N.J. lawmakers pump the brakes on letting civilians investigate cops as activists demand more oversight

State lawmakers on Monday held back a bill that would give civilians more power to investigate local police in New Jersey, which would include the authority to force departments to turn over internal documents, even as activists rallied to demand more oversight.

The state Assembly had scheduled a vote on a bill (A4656) to allow civilian complaint review boards to dig into allegations of misconduct, but leaders later pulled the proposal from consideration, at least temporarily.

A spokesman for Assembly Speaker Craig Coughlin, D-Middlesex, said the bill may need to be changed to pass.

“Amendments are being considered as we look to gain consensus,” Kevin McArdle wrote in a message to NJ Advance Media.
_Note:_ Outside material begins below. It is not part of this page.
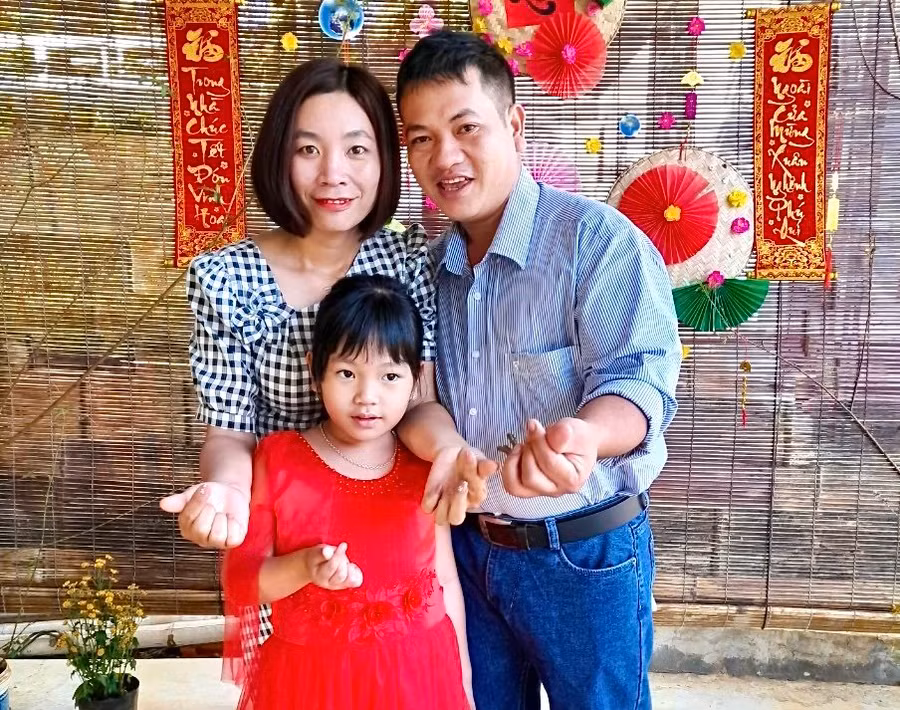 Chị Vũ Thị Kim Thanh-Phó Trưởng ban Quản lý rừng phòng hộ Chư Sê bên gia đình. Ảnh: Minh Nguyễn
A spokeswoman for one of the bill’s sponsors declined comment.

Several civil rights and advocacy organizations gathered outside the Statehouse Monday to demand the bill’s passage.

“Real police reform must include community oversight with subpoena, investigatory, and disciplinary powers,” Maati Sekmet Ra, co-founder of the Trenton Anti-Violence Coalition, said in a statement. “Anything less is status quo.”

Even if the current version of the proposal became law, the bill would still limit when civilian boards could launch their own reviews, prohibit investigations into the State Police and bar the general public from learning the names of officers accused of misconduct.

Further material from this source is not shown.